Our website contains links to other websites. This policy only applies to this website so when you link to other websites you should read their individual privacy policies.
Security & Data Breaches
We process Personal Data in a proper manner and take appropriate security measures to prevent unauthorized access, disclosure, or modification. If, in the unlikely event, a data breach occurs that is likely to result in a risk for the rights and freedoms of the prospect or client, then they will be notified within 72 hours of MWC Group first having become aware of the breach.

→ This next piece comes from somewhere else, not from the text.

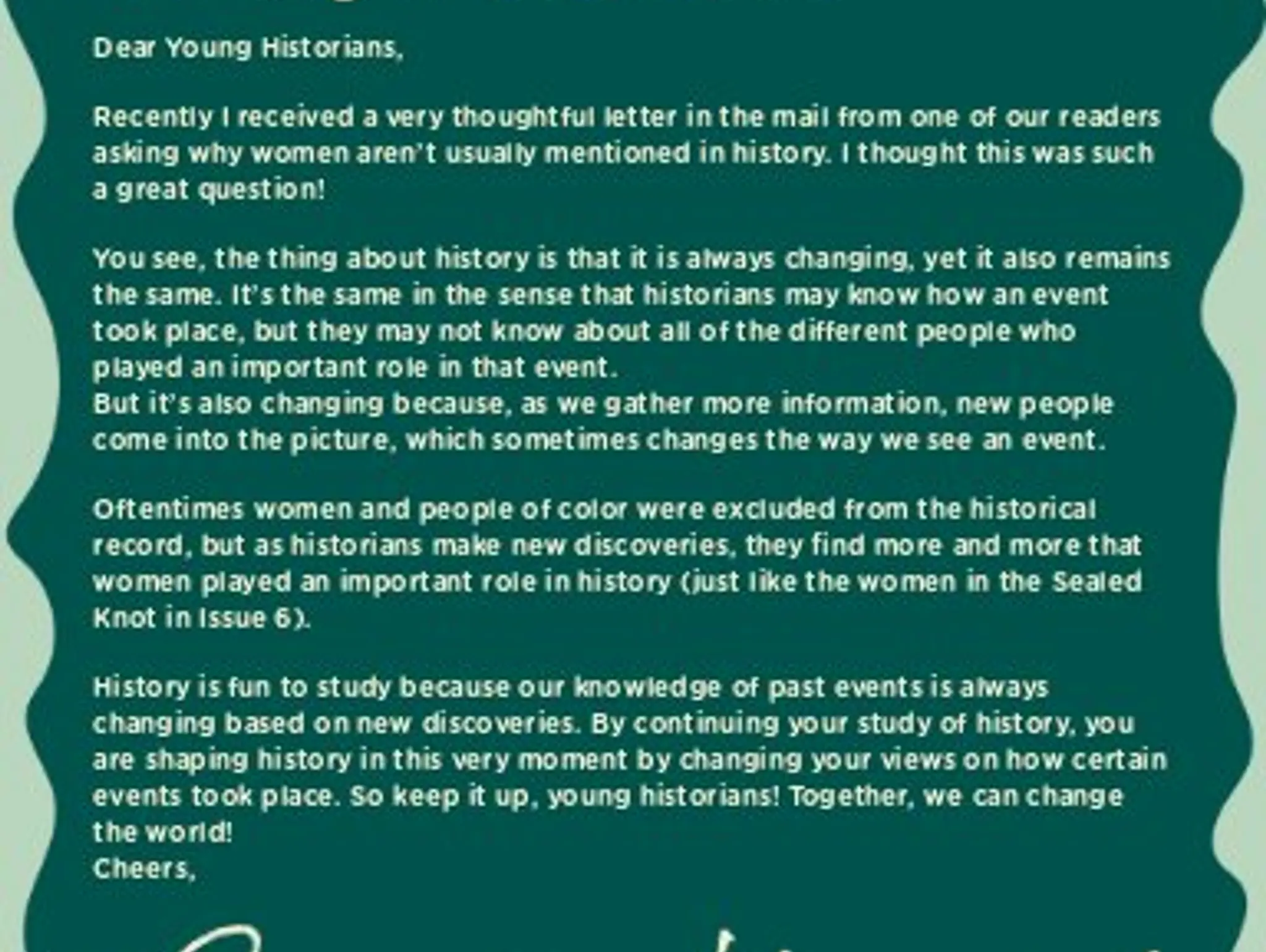 A Letter for Young Historians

Whilst we take measures to ensure that your personal data cannot be intercepted by third parties, please note that when using our website, data is transported over an open network (the internet) which is accessible to third parties and which cannot be regarded as a secure environment. We may transmit or store any data provided by you when using our website outside your country of residence. In such cases, we will make every effort to secure an appropriate standard of protection for your data, including those relating to bank-client confidentiality and data protection, but it is possible that data may be relayed to a country in which the prevailing standards of data protection are lower than in your country of domicile. We accept no responsibility or liability for the security of your data during transmission via the Internet. We would like to draw your attention to the fact that you can communicate with us by other means whenever you consider it appropriate on data protection grounds.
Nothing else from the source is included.